Ghost Giant Review
As the Ghost Giant, you act as the imaginary friend of a troubled anthropomorphic cat-child named Louis LaFleur, learning about his life and helping him on his adventures as he takes care of his family’s sleepy farm. Though he’s described as a young child, responsibilities far beyond his years have fallen to him, so it’s your job to work some magic and help out a friend in need.
All the details in each level are captivating in their own ways.
Using the required PlayStation Move controllers to control each of the Ghost Giant’s ectoplasmic hands, you stand (or sit) and survey each level while Louis goes and talks to people, then solves problems for himself or others. Watching the world (or playing with it) is a series of simple pleasures. All the details in each level, from the intricacies in people’s homes to little bits of dialogue from townspeople are captivating in their own ways. My favorite minor character is the covetous crow, who is obsessed with shiny objects. In one level you find his home, where he’s planning how to rob a pearl from a clam. When Louis needs you to help — and he frequently does — you can be asked to find lost keepsakes, open doors, move heavy objects, or other basic things.
Those tasks, which I would describe as “puzzles” in the broadest sense, are relatively simple, bordering on tedious. While there are a few clever moments, like finding sources of color to mix paints for a story-mandated work of art, much of it comes down to identifying movable objects and putting them in the right places. It rarely takes long, but there can occasionally be interesting complications that mix up how you grab things. In one level, for example, you have to use a virtual fishing pole to pull in tools that are out of your reach.

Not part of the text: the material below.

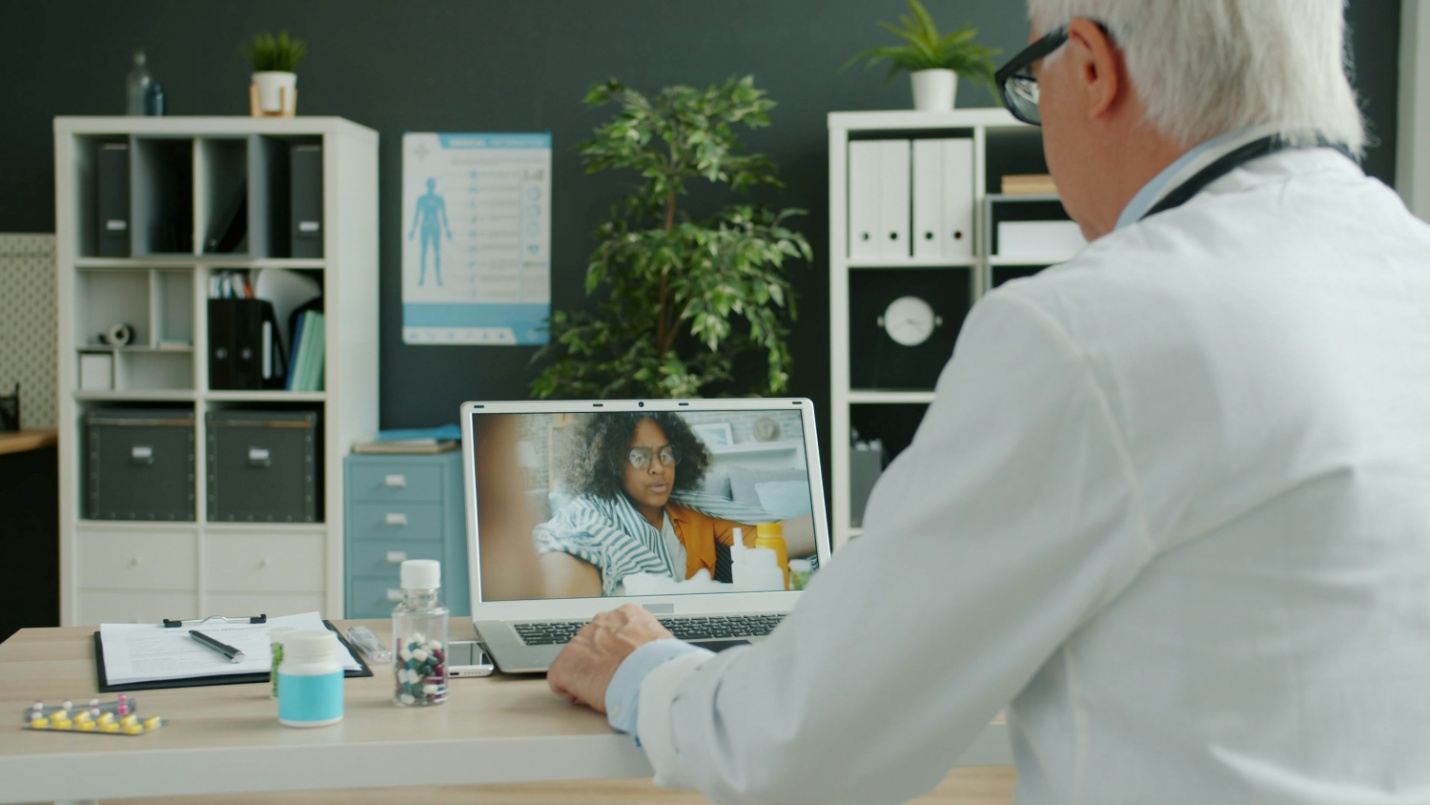 A doctor consulting with a patient over video call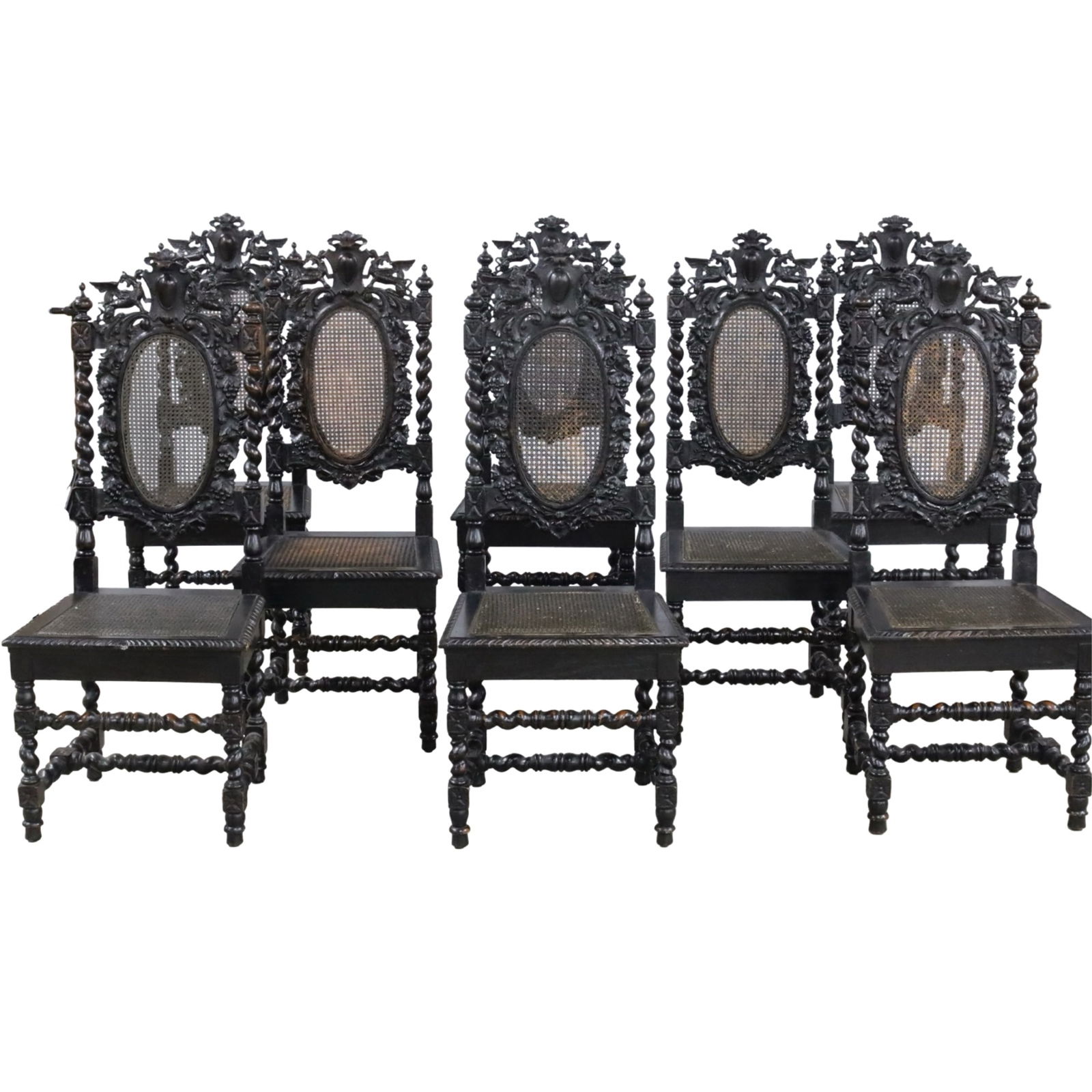 8 JACOBEAN STYLE BARLEY TWIST DINING CHAIRS: Set of eight Jacobean style dining chairs, the crest rails carved with cartouche flanked by griffons, rosette and barely twist stiles supporting a caned back with foliate surround, gadrooned seat rail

Puzzles serve to point you toward all the nooks and crannies of a level, making sure you take everything in.
Often, though, the puzzles serve to point you toward all the nooks and crannies of a level, making sure you take everything in. The aesthetic isn’t exactly grabby, but it’s fitting for this particular and the loosely interpreted rustic French town feels oddly natural for the children’s-book vibe. In another scene set in a harbor, Louis and the Ghost Giant search warehouses, docks, and under the sea for parts to fix a giant crane. Poking in and out of each building, you get to see small scenes as people go about their lives, or simply find cute virtual dioramas to observe, like the girl on the dock who’s diving and rummaging through the trash underneath the waves. You’d probably never think to look under the water if not for the fact that she’s pulling up chairs, giant pencils, and other strange junk.

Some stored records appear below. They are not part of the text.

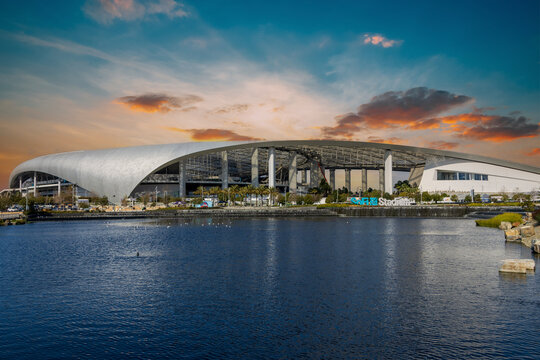 A beautiful spring landscape at SoFi Stadium with lush green palm trees and plants, a lake with birds swimming and powerful clouds at sunset in Inglewood California USA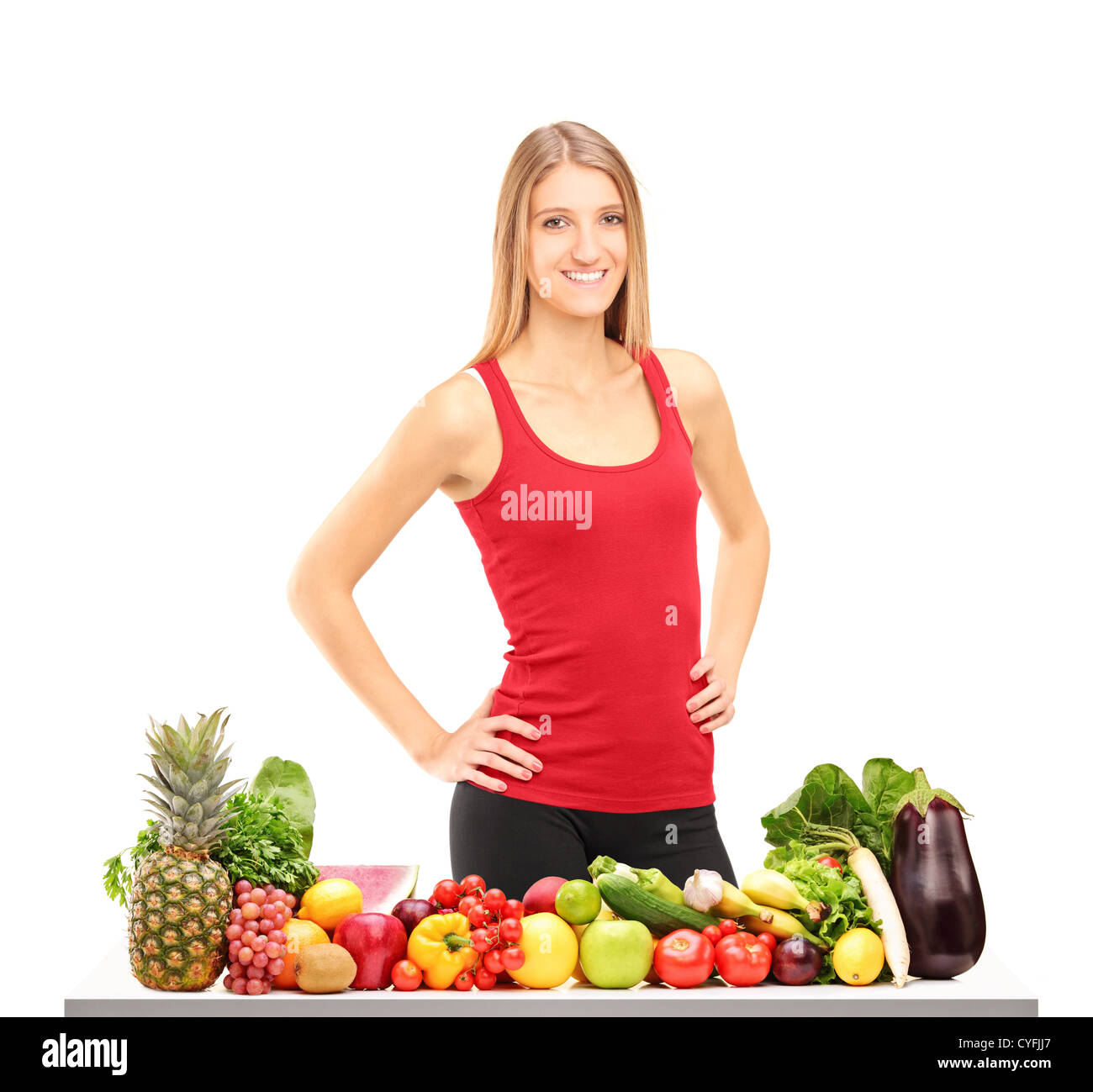 Smiling female athlete posing next to a table with fruits and vegetables isolated on white background Stock Photo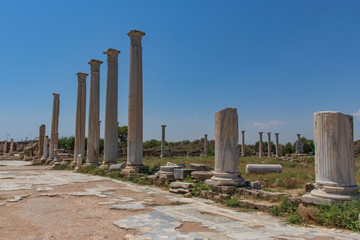 columns of salamis ruins, ancient city north cyprus and blue sky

The process of scouring each level for puzzles and story can be engrossing but also led me into some technical problems. You are meant to stand or sit in place while playing Ghost Giant, turning your head without moving your body. That proved difficult: fascinated by the world around me, which is filled with neat little details — furniture in each house, paintings and posters with cool bits of art — I found myself enticed to physically move around much more than I was supposed to. I would lean down for a closer look or peek around the corner of a building, and slowly but surely I would move out of my prescribed position, leading to inevitable detection issues with my controllers.

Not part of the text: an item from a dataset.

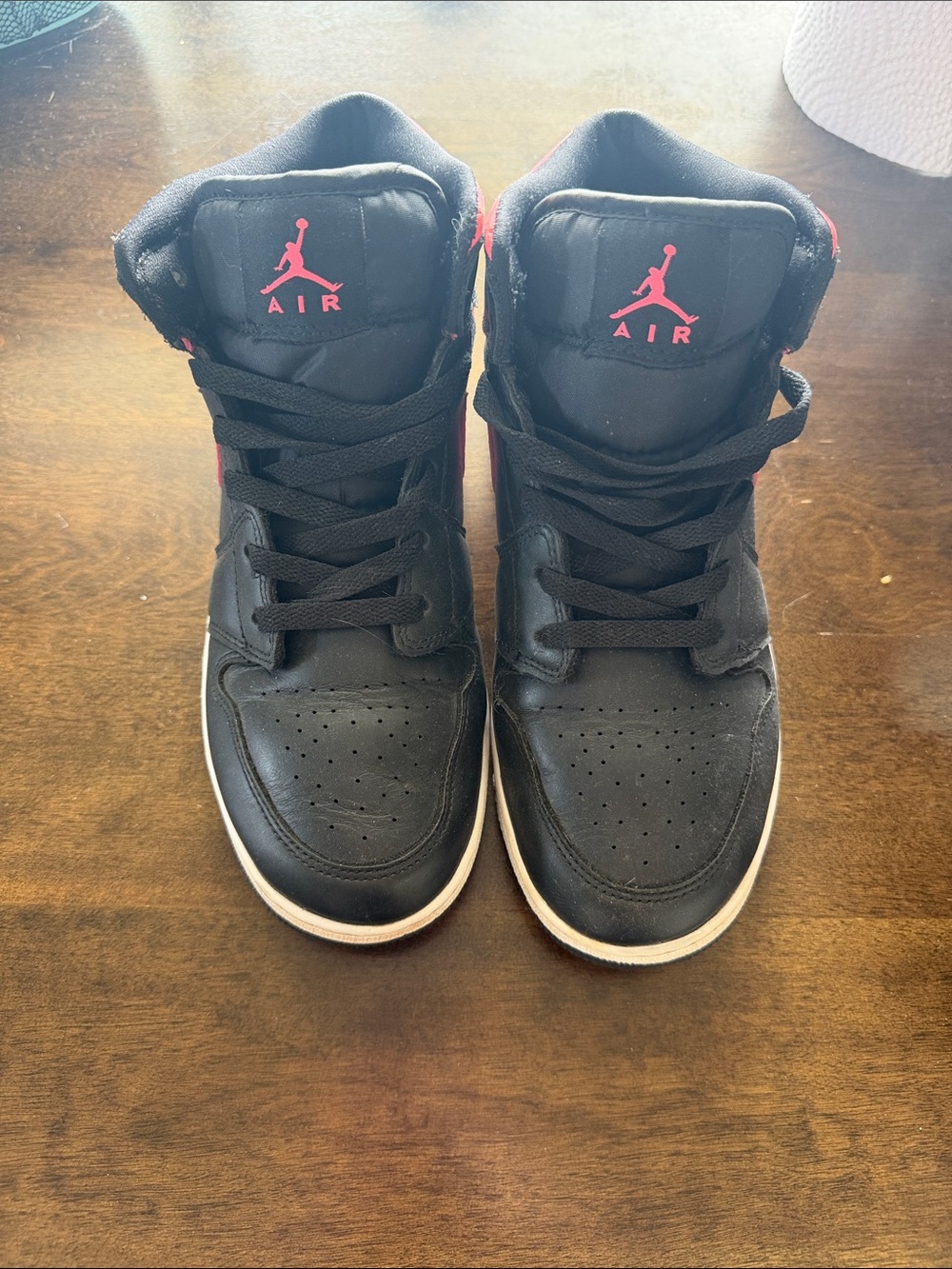 Jordan women Black Sneakers with Pink Jumpman Accents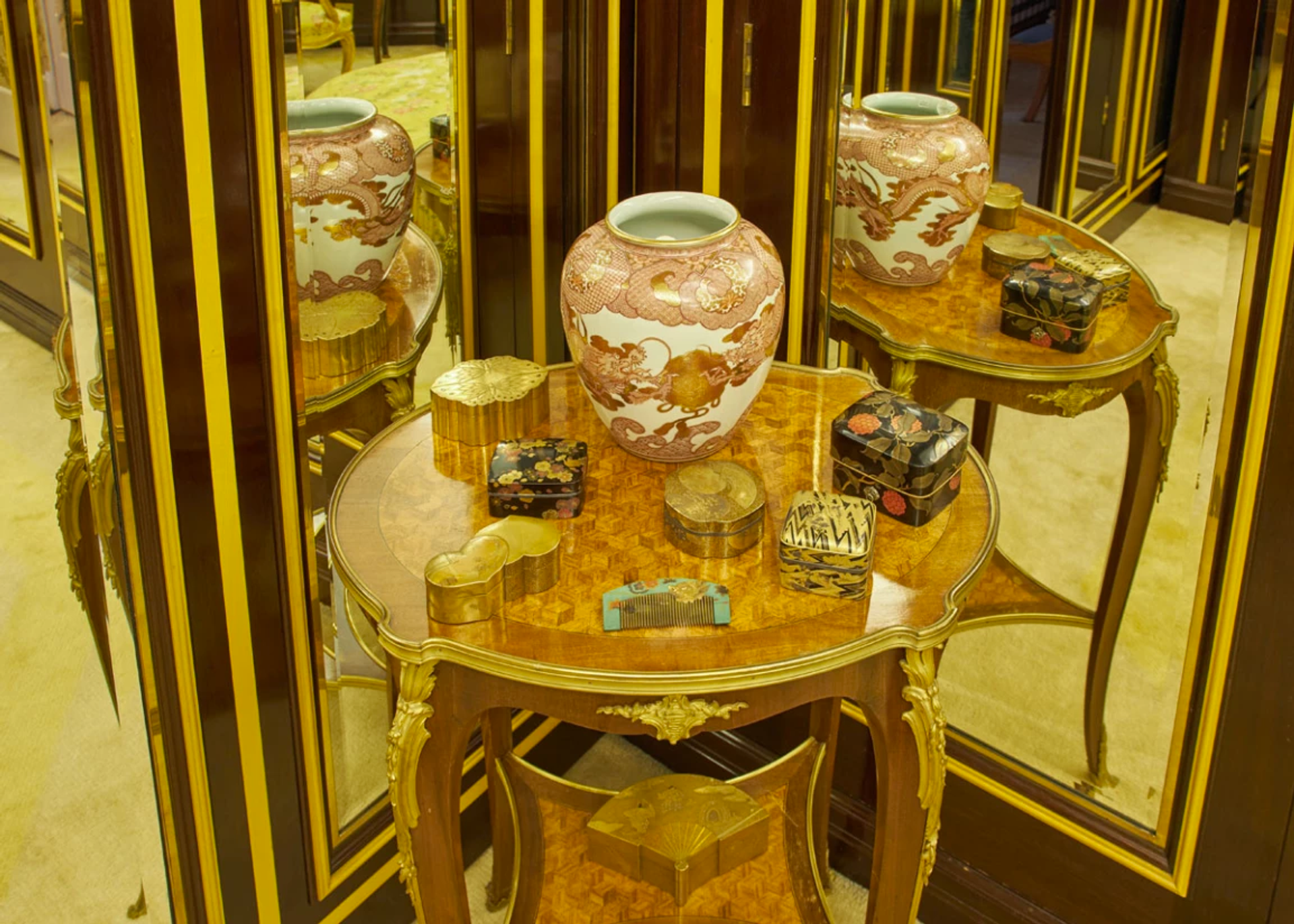 An image of Mercury's dressing room, showing a mirrored table covered in small lacquer boxes in the Japanese style.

To be fair, this is a limitation of the PlayStation VR and its single point of external tracking. You can rotate your in-game position by pressing certain buttons on the controller, giving you better access to new views while avoiding any tracking problems, but it’s not the intuitive way I wanted to move. As a human being, my instinct is to turn by moving my head when my sightline is obscured and contort my body to reach when something is in my way. As a result, Ghost Giant’s creative level designs can’t help but butt against the technical limitations of its platform.
The Verdict
Ghost Giant may look like just another VR object-based puzzle-playground from the outside, but its charming world and beautiful story tugged on my heartstrings in a way I wasn’t expecting. Considering its only three or four hours long, it’s a PSVR game worth making time for.